Shared Memory Issues

Since shared memory segments are system-wide entities and will stay in the system after you logout, you are responsible to remove ALL shared memory segments whether your program ended normally or abnormally. Each un-removed shared memory segment will cost you 10 points. Thus, if you have a correct program and if the grader finds out your program has two shared memory segments left behind, you receive no more than 80 points (i.e., 20 points deduction).

1. The logic of your program
2. Why does your program work?
3. Explain the allocation and use of each shared memory segment.
4. Are there potential race conditions (i.e., processes use and update a shared data item concurrently) in your program and in the program specification?
5. How do you construct an argument list that is passed from program main to program qsort?
6. How do you construct an argument list that is passed from program main to program merge?

You should elaborate your answer and provide details.
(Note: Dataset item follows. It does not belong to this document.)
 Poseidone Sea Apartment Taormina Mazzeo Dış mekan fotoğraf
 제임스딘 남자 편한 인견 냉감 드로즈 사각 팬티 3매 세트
When answering the above questions, make sure each answer starts with a new line and have the question number (e.g., Question X:) clearly shown. Separate two answers with a blank line.

Note that the filename has to be README rather than readme or Readme. Note also that there is no filename extension, which means filename such as README.TXT is NOT acceptable.

README must be a plain text file. We do not accept files produced by any word processor. Moreover, watch for very long lines. More precisely, limit the length of each line to no more than 80 characters with the Return/Enter key for line separation. Missing this file, submitting non-text file, file with long lines, or providing incorrect and/or vague answers will cost you many points. Suggestion: Use a Unix text editor to prepare your README rather than a word processor.

Final Notes

1. Your submission should include four files, namely: main.c, qsort.c, merge.c and README. Please note the way of spelling filenames.
2. Always start early, because I will not grant any extension if your home machine, network connection, your phone line or the department machines crash in the last minute.
3. Since the rules are all clearly stated, no leniency will be given and none of the above conditions is negotiable. So, if you have anything in doubt, please ask for clarification.